Ceno en una ciudad de Austria con tres personas de distintas nacionalidades (una griega, una francesa y un checo), y aprovecho para preguntarles su opinión sobre el conflicto catalán. La griega, una chica joven, dice que la impresión que tiene es que hay una parte de España que se cree superior por tener una economía más desarrollada, y que por ello piensa que puede hacer lo que le da la gana. La francesa no sabe, no contesta. El checo sí dice conocer el tema. De pronto, se arranca la piel de cordero (hasta el momento me ha parecido una persona tranquila) y comienza a despotricar.
Sé que una persona, más si no está bien informada, como es el caso, jamás será representativa del conjunto, y que es osado llevar las cosas a un extremo por una opinión particular, pero es entonces cuando me doy cuenta de una cosa: la buena imagen que tenía España hasta ahora en el extranjero, y en concreto el rey Juan Carlos, por su papel destacado en la Transición y en la resolución pacífica del intento de golpe de Estado en 1981, quizá empieza a hacer aguas.
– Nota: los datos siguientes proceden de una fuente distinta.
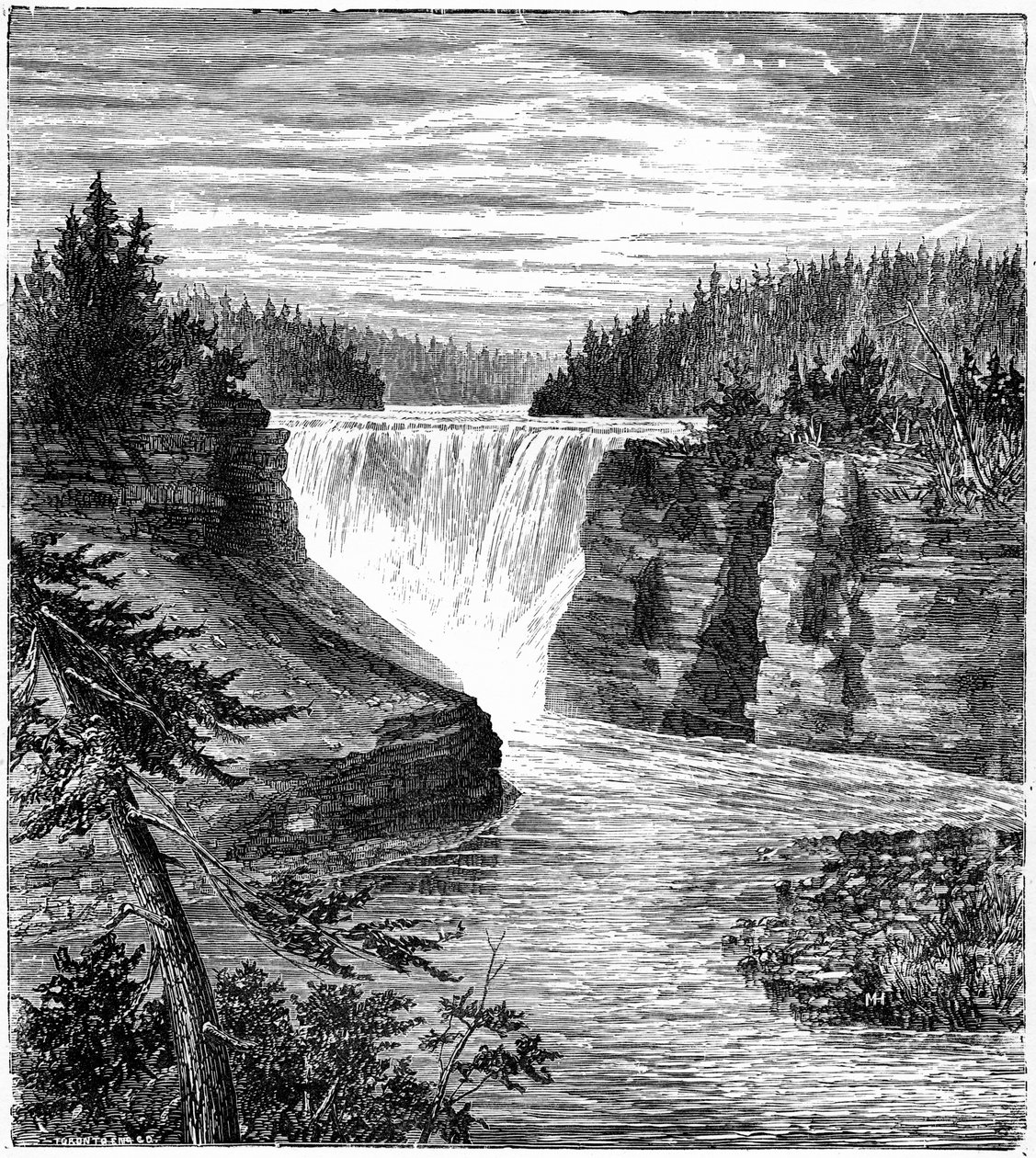Kakabeka Falls, Ontario, Canada by Unbekannt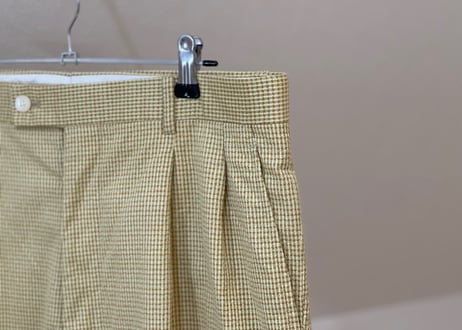 christian dior check wide trousers
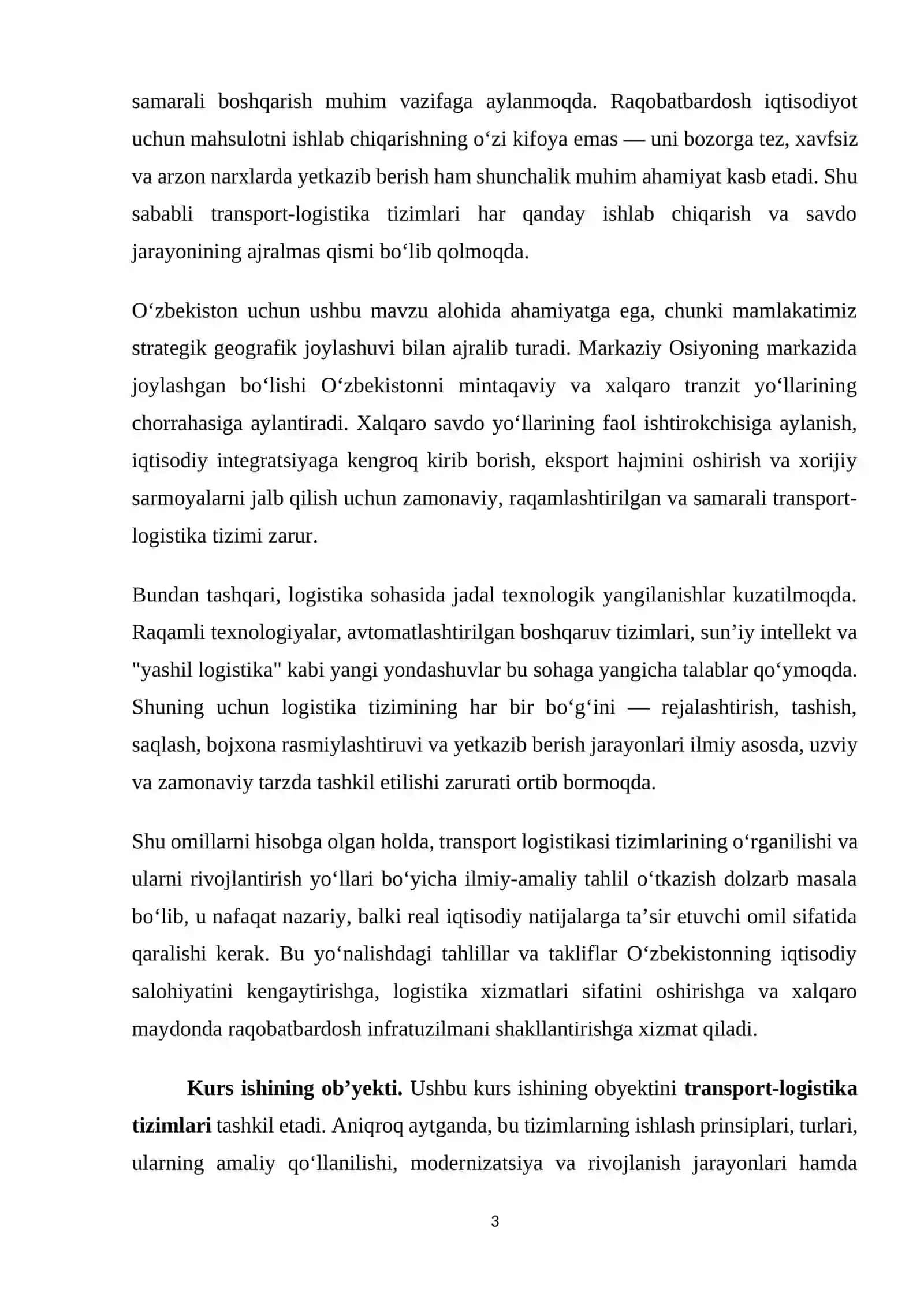 Transportning logistika tizimlari va rivojlanishi 3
Dice el checo -y al oír sus palabras me estremezco- que somos un país «fascista» y «antidemocrático». Dice que no es de recibo tener presos políticos en ningún país europeo. Cuando le pregunto por qué habla de fascismo, y qué tiene que ver este con el conflicto catalán, me contesta, como si yo acabara de nacer o caerme del guindo, que España vivió cuarenta años de dictadura fascista. «Sí, cierto, pero insisto, ¿qué tiene que ver?». «Pues que el Gobierno español está haciendo con los catalanes exactamente lo mismo que hizo Franco».
Sigue diciendo el checo que la Constitución que tenemos es una mierda (shit es la palabra que utiliza). Le contesto que cuando nuestros constituyentes redactaban la, según él, «shit Spanish Constitution», tuvieron muy a la vista los modelos existentes de justicia constitucional y las tablas de derechos y libertades contenidas en las constituciones de su entorno (en especial la alemana y la italiana), así como las declaraciones y convenios internacionales en los que España aspiraba a integrarse. Así que, según él, todo el entorno jurídico europeo es shit. Le da igual: a oídos necios, palabras sordas. Le pregunto si sabe que la Unión Europea no reconoce a Cataluña como estado independiente. No, no lo sabe. «¿Y qué te parece esto?», insisto. No contesta. Arranca a hablar entonces sobre el rey. Otro shit, que debería tomar las riendas, y que no hace nada. «Es que está atado por la Constitución, mucho más no puede hacer», le digo. «Por eso -me dice él ufano-, por eso no sirve de nada».
Pero su discurso todavía no ha llegado al límite. La griega y la francesa ya hace tiempo que callan (al principio la griega intentaba meter baza dándome la razón) y que revuelven los restos del plato con el tenedor con las cabezas bajas, y a mí se me han quitado las ganas de cenar. Lo peor es cuando compara el caso catalán con la separación entre Chequia y Eslovaquia. «En España debería hacerse como se hizo en nuestro país», dice. «No tiene, en absoluto, nada que ver», le contesto (aunque a estas alturas ya sé que lo que diga le entra por un oído y le sale por el otro). «La desintegración de Checoslovaquia está relacionada con el fin de la guerra fría y la disolución de otros países del bloque oriental como la URSS y Yugoslavia», prosigo. Sigue sin escuchar y yo desisto. A estas alturas, lo único que me apetece es abofetearle y luego irme a dormir.
No lo hago; con gente así, no merece la pena ni enfadarse: le estaría concediendo algo. Pero de camino hacia el lugar en el que me alojo en esa fresca noche austríaca, las palabras «fascista», «antidemocrática» y «constitución de mierda» me golpean el cerebro. Me pregunto de dónde se habrá sacado esa furibunda terminología sobre España, qué habrá estado leyendo o qué redes sociales visita. Aunque no tiene que ver con el tema, se me viene también a la cabeza la serie de Netflix Así nos ven, la historia de una injusta acusación que pone el foco en un detalle muy claro: el lenguaje que se utiliza para hacer calar los mensajes importa, y mucho.
De algún lugar vendrá todo eso. Y no puedo evitar sentir que hay algo que se nos está yendo de las manos en España. Es una opinión, no me hagan mucho caso. O más bien, una intuición.